Em meados de outubro, os gastos com viagens ao exterior aumentaram, quando 31 deputados foram autorizados, juntamente com o presidente da Casa, João Paulo Cunha (PT/SP), a participar de reunião na Assembléia Geral da Organização das Nações Unidas (ONU). Só em diárias declaradas, a Câmara gastou com os viajantes US$ 33.580 - R$ 100,4 mil, com o dólar turismo a R$ 2,99. Isso sem contar o valor das passagens na classe econômica, em média de US$ 700 para cada um. Mas nem todos os parlamentares fizeram a prestação de contas de suas viagens.

Com isso as idas e vindas deste ano da Câmara já ultrapassaram em muito os R$ 800 mil.

O presidente da Câmara argumenta que essas viagens para o exterior oferecem aos parlamentares contatos com experiências de outros países, como a forma de funcionamento de outros parlamentos e da ONU, por exemplo. "Essas viagens são importantes e trazem ganhos para o Legislativo", assegura João Paulo sempre que alguém faz qualquer referência a elas.

Desde o início de novembro, há uma determinação para que cada parlamentar que viaja com dinheiro da Câmara, seja para o exterior ou dentro do Brasil, faça uma prestação de contas. As informações são tornadas públicas na internet, na página relativa a missões oficiais, pelo endereço: www.camara.gov.br/internet/contas.

Orçamento prevê mais verba para a Presidência

Aprovado nesta terça-feira (23), último dia de autococonvocação do Congresso, o Orçamento da União para 2004 prevê um aumento de 50% dos recursos destinados à Presidência.

Segundo o relator da matéria, deputado Jorge Bittar (PT/RJ), o aumento é merecido, uma vez que a Presidência passou a ser responsável por novos órgãos, tais como o Conselho de Desenvolvimento Econômico e Social e as secretarias que cuidam da promoção da igualdade racial e dos direitos da mulher.

Já na esplanada dos ministérios, os ministérios da Integração Nacional, Transportes, Desenvolvimento Agrário e Desenvolvimento, Indústria e Comércio Exterior foram os que, proporcionalmente, sofreram as maiores perdas de recursos no Orçamento 2004 aprovado pelo Congresso.

O ministério que teve o maior acréscimo de recursos previstos foi o do Planejamento, responsável em elaborar a proposta de orçamento, que passou dos R$ 3,5 bilhões em 2003 para R$ 5,2 bilhões em 2004, 50% a mais.

O governo e as lideranças aliadas no Congresso afirmam que, apesar das quedas nominais do dinheiro destinado para este ou aquele setor, a diferença é que em 2004, afirmam, não haverá necessidade de contingenciamento.

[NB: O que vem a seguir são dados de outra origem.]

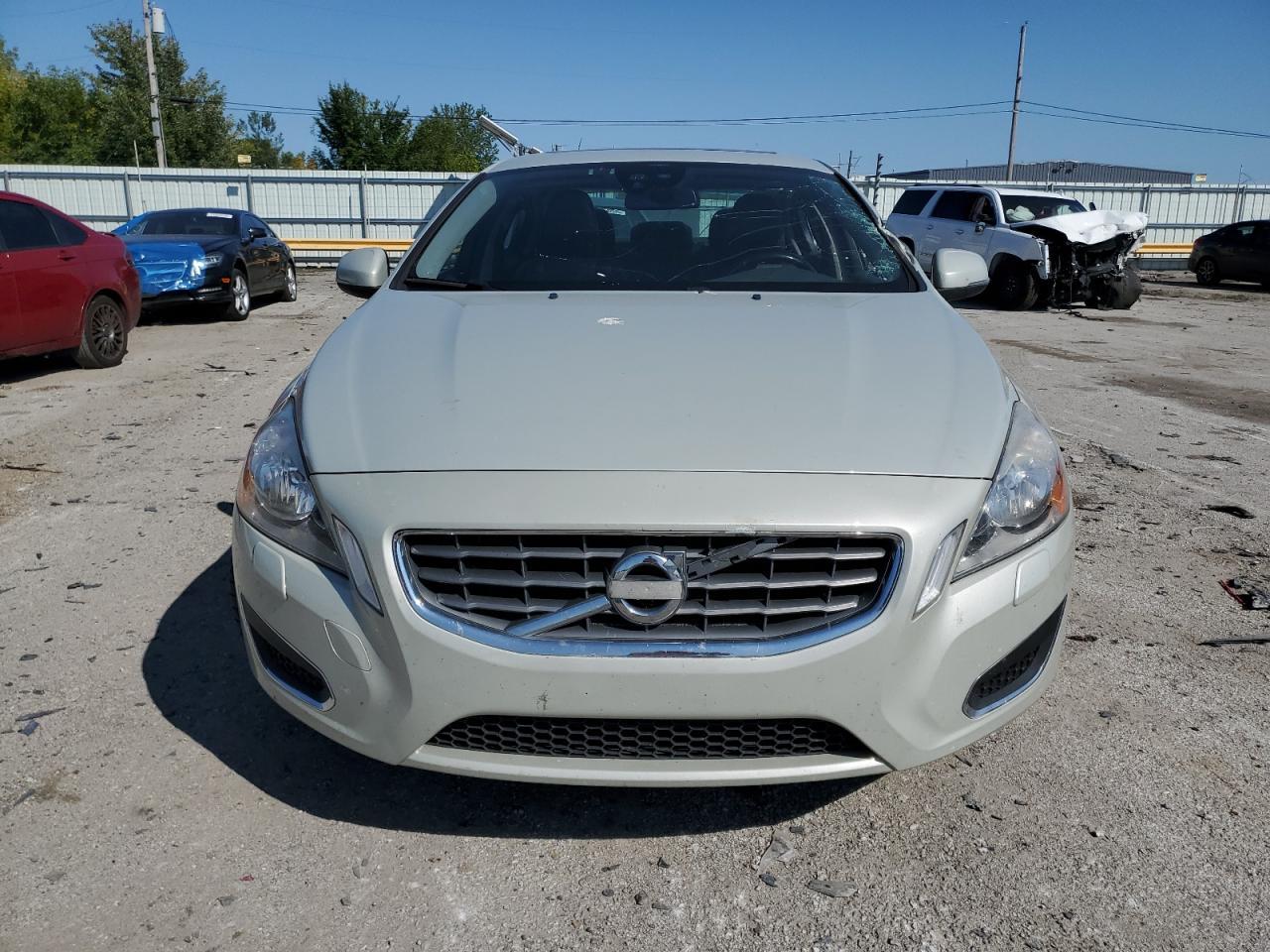 2012 Volvo S60 T5 - Фото 5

Na reta final para a aprovação do orçamento, o governo liberou R$ 700 milhões a mais para os Estados, como forma de contentar as bancadas e assegurar a aprovação da proposta.

Entrevista ? Everardo Maciel

Nesta sexta-feira (26), o Jornal de Brasília publicou entrevista com o ex-secretário da Receita Federal, Everardo Maciel. Na entrevista, o ex-secretário aborda a guerra fiscal e a recém aprovada Reforma Tributária.

Qual a sua opinião sobre o debate da reforma tributária no Congresso?

Everardo Maciel - Reforma Tributária passou a ser tema recorrente na agenda política brasileira. Nada muito diferente do que ocorre no resto do mundo. Enfim, as políticas tributárias se sujeitam a uma permanente adequação às circunstâncias políticas, sociais e econômicas. O que difere, de país a país, é o grau de adequação a essas circunstâncias. Às vezes são meros ajustes pontuais outras vezes, são mudanças que envolvem uma profunda reestruturação do sistema tributário.

O senhor acha mesmo que a reforma tributária é necessária para o País?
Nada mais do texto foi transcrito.